The ritual "track dance" is in full swing: the Syrian track first - no, the Palestinian track first. A future scholar researching the history of the main contacts between Israel, Syria and the Palestinians starting in the 1990s will discover a marvelous cyclical pattern: Whenever the Palestinian track reached a dead end or a breakthrough beckoned, the Israelis began talking about the Syrian track, and vice versa.

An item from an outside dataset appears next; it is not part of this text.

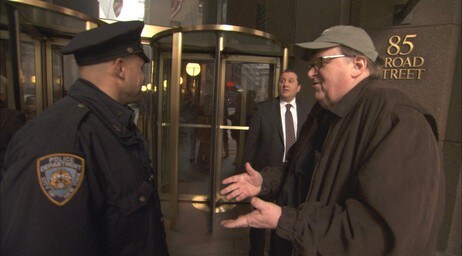 Michael Moore avvises i døra i forbindelse med «Capitalism: A love Story» (Foto/Copyright: SF Norge AS) Michael Moore avvises i døra i forbindelse med «Capitalism: A love Story» (Foto/Copyright: SF Norge AS)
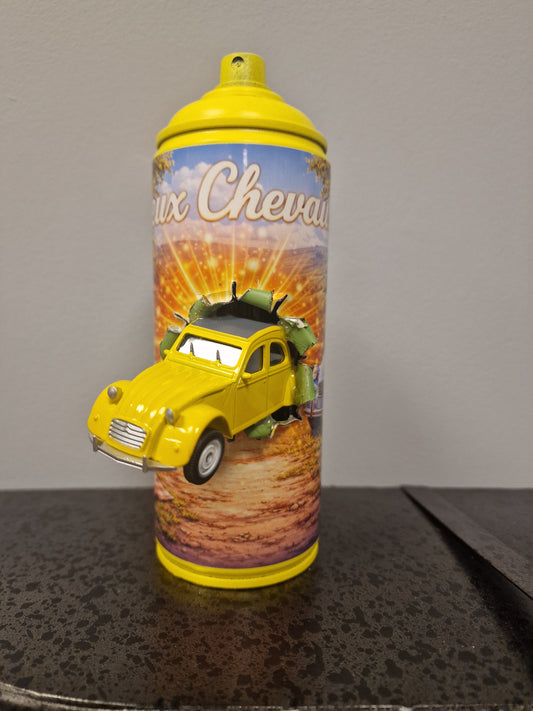Bombe de peinture custom Citroën – Figurine 2cv pop culture artisanale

What the two tracks have in common is that no breakthrough has really occurred in either. The reasons for this are many and varied, but there is no denying that Israel bears much of the responsibility. The Barak, Sharon and Netanyahu governments seem to have preferred making noises about peace to doing anything about it. The Olmert-Livni government seems to have been the only one that took steps toward reaching an agreement, behind the scenes via Turkey.

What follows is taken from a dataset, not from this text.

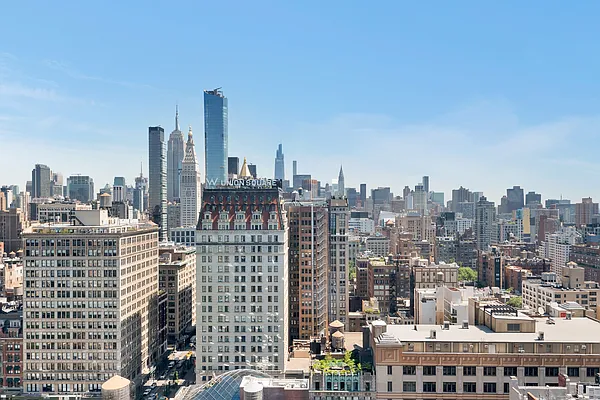 Rented by One Irving Place Realty | media 7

Making do with noises about peace has a number of advantages. Psychologically, it gives our leaders, and perhaps some of our citizens, the feeling that Israel really wants peace, while the other side just talks about it. Politically, it doesn't cost anything.

There's nothing new in that the Syrian arena is more amenable. The Syrians are not as internally divided as the Palestinians, there is apparently "someone to talk to" there, and the issues and possibilities for resolving them are familiar. Some of them have already been agreed on. So why has the Syrian track been pushed aside? The answer is to be found in the inability of Israeli prime ministers to make a clear decision about withdrawing from the Golan Heights.

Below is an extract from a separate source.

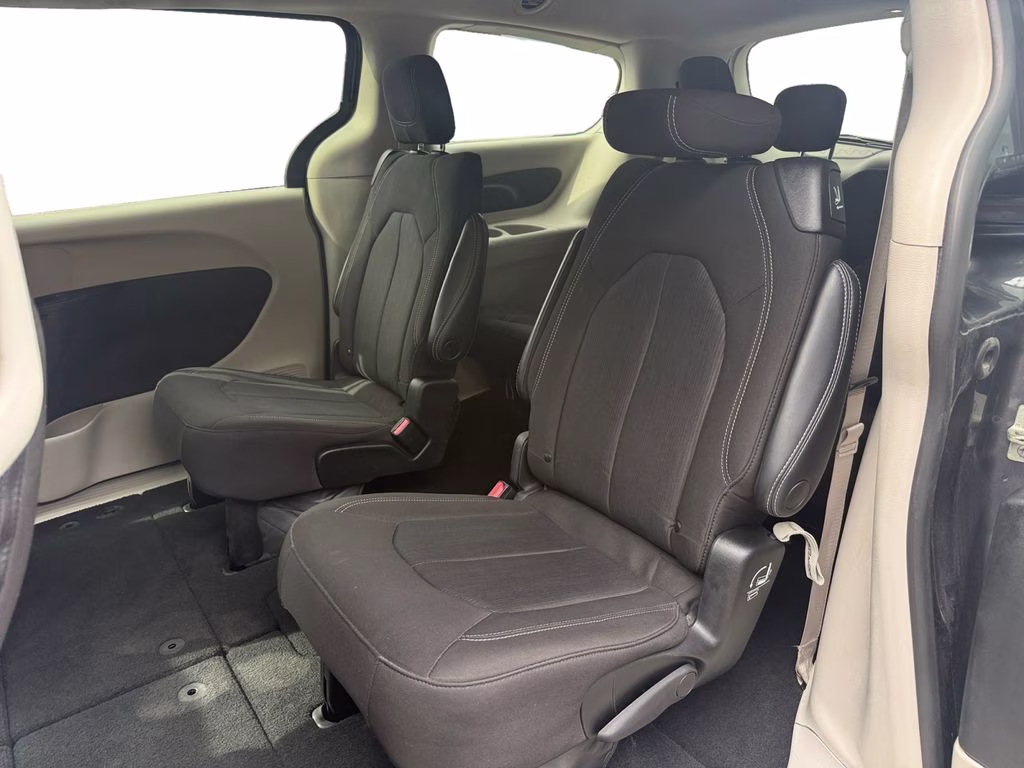 2023 Granite Crystal Metallic Clearcoat Chrysler Voyager LX FWD Van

They fear the electoral implications of such a move because of the Golan's special status in Israeli public opinion. Unlike Judea and Samaria, an ideological question is not at issue, and different pretexts are given for not negotiating with Syrian President Bashar Assad: His government bankrolls terror attacks, it's in a strategic alliance with Iran, Hezbollah and Hamas, all he wants is to dip his toes in the Kinneret, and so on.

Without belittling the importance of these matters, it should be stressed that if Anwar Sadat's positions had been scrutinized like this, there would have been no peace deal with Egypt. His first demands included not only Israeli withdrawal from all Egyptian territory it had conquered, but also a solution to the Palestinian problem. This linkage made the negotiations so difficult that Sadat walked out.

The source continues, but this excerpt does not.